We Are Saying No to Preschool
It was during a coffee break with friends when I first heard how prevalent attending preschool was these days. Someone had mentioned signups for the upcoming school year were fast approaching, and the atmosphere in the room suddenly became excited and intense.
“Oh, I'm so looking forward to having both kids in school!”
“Thank goodness, Callie will be in all-day pre-K this year because, last year, when she was 3, it was only a half day!”
“I can enjoy the house being in order again!”
Someone asked me where my daughter would be going, and I said she didn't turn 3 until after September 1 (the rule in our state), so she was still too young for preschool. My friends gave me a sympathetic look, and, as a consolation, reminded me to enjoy my last year because they really do miss having them home. Honest.
To be honest, the idea of my daughter going to preschool had never crossed my mind.
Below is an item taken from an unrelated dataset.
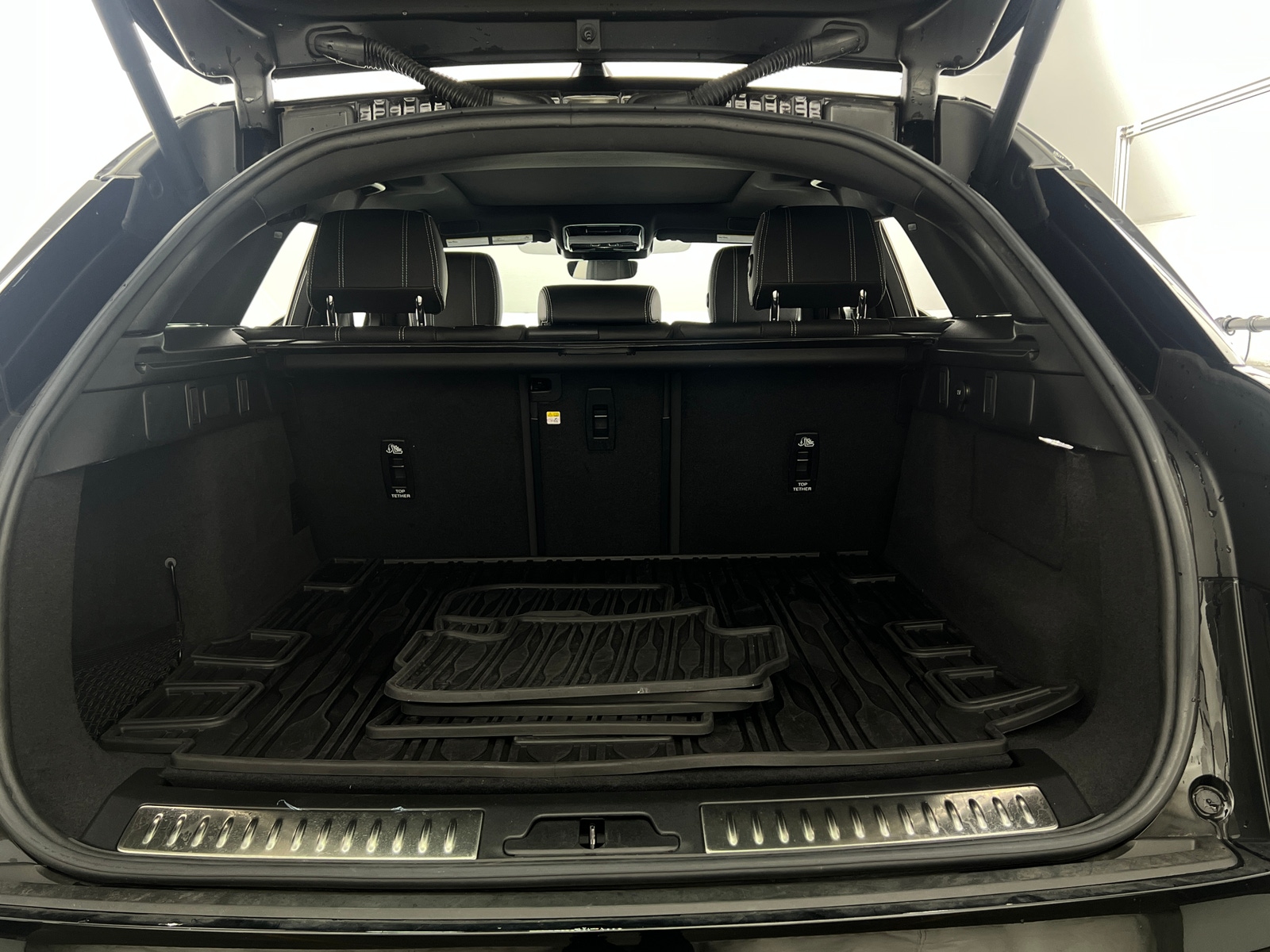 Thumbnail: 2021 Land Rover Range Rover Velar - 6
Actually, when she was born, I was thrilled her birthday meant she would be home with me until she was almost 6-years-old and that I would be able to squeeze out an extra year of having her all to myself.
Since I never went to preschool, I naively assumed only the kids whose parents needed to work attended, as it was a cheaper option than daycare. It never occurred to me that parents started their kids on the academic track early just because. Not that there is no reason for preschool — I understand the benefits — but I assumed I could fulfill them myself.
We work on our letters and numbers daily, as well as sight words. We sing songs, play, and learn to clean up after ourselves. My daughter attends group-setting extracurricular activities with other preschool-aged kids to keep her social development on track. I just haven't seen the need to send her off to school where she will be taught the same things I'm able to do at home — where I can watch her learn right in front of my eyes.
I mean, these are the things I'm qualified to teach her, you know, the alphabet. I have to send her to state-mandated school for kindergarten and beyond because the education she would receive from me if I homeschooled her would be pathetic. “Yes, we are skipping math this year because it's awful and boring.” Not exactly a great life lesson.
While, admittedly, it would be easier for me to be a work-at-home parent with only one child at home instead of having to pull all-nighters for the ability to grab some kid-free hours to work in silence, I don't see myself changing my mind down the road. Preschool was never in my parenting plan, and that's OK. For some parents, they remember that preschool enhanced their lives and prepared them for kindergarten, and they want to give their kids the same opportunity. It's all in how you were raised and in what you're comfortable with.
We're saying no to preschool right now. Thanks, anyway.